**Entries supplied**
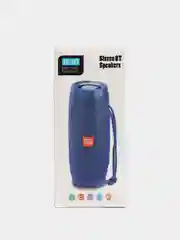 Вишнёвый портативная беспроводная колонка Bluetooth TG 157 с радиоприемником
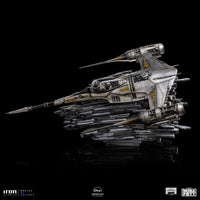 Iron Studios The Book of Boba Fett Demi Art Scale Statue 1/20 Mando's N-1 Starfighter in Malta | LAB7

--

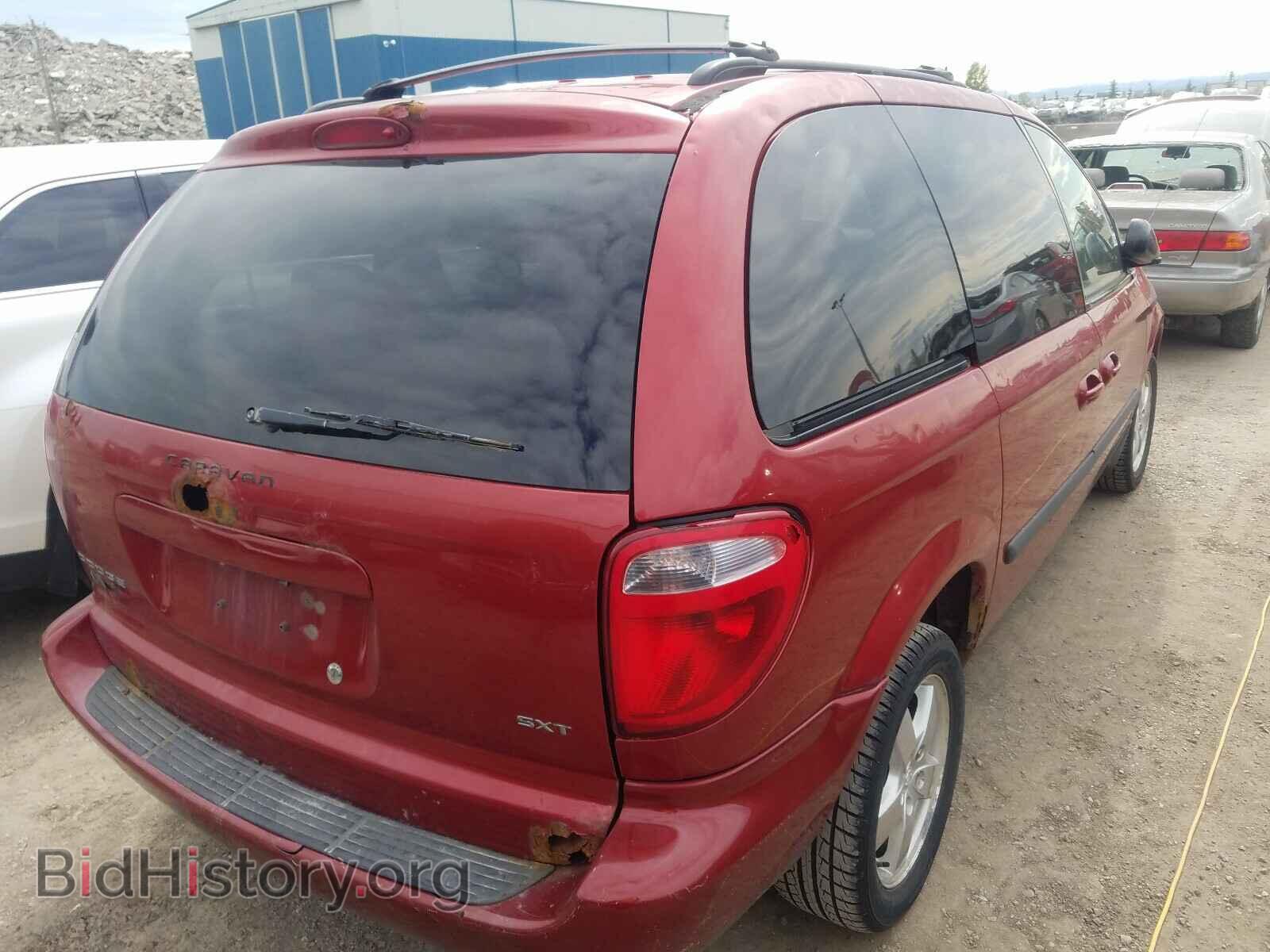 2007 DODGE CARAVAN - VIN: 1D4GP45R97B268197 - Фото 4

...

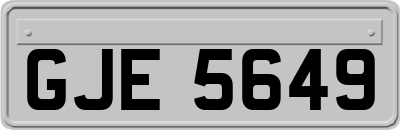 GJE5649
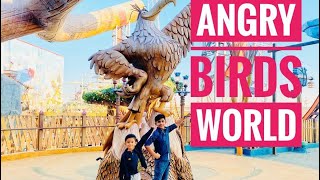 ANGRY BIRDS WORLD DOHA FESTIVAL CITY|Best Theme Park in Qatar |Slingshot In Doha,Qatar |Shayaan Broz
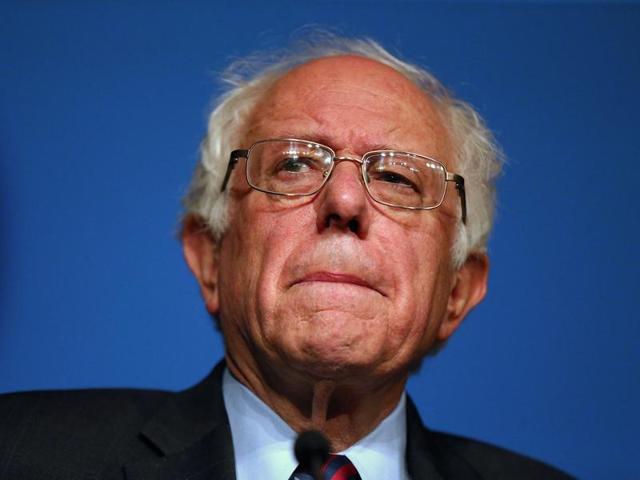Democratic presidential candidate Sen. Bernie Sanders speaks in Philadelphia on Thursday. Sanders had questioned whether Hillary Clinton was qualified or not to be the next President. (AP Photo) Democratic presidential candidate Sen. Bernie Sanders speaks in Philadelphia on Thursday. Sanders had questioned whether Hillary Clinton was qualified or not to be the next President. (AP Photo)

**Problem to solve**
In the entries above, every line from the line with "ANGRY BIRDS WORLD" to the line with "(AP Photo) Democratic" is to be printed exactly, with both ends included and pictures excluded.

**Task solution**
 ANGRY BIRDS WORLD DOHA FESTIVAL CITY|Best Theme Park in Qatar |Slingshot In Doha,Qatar |Shayaan Broz
Democratic presidential candidate Sen. Bernie Sanders speaks in Philadelphia on Thursday. Sanders had questioned whether Hillary Clinton was qualified or not to be the next President. (AP Photo) Democratic presidential candidate Sen. Bernie Sanders speaks in Philadelphia on Thursday. Sanders had questioned whether Hillary Clinton was qualified or not to be the next President. (AP Photo)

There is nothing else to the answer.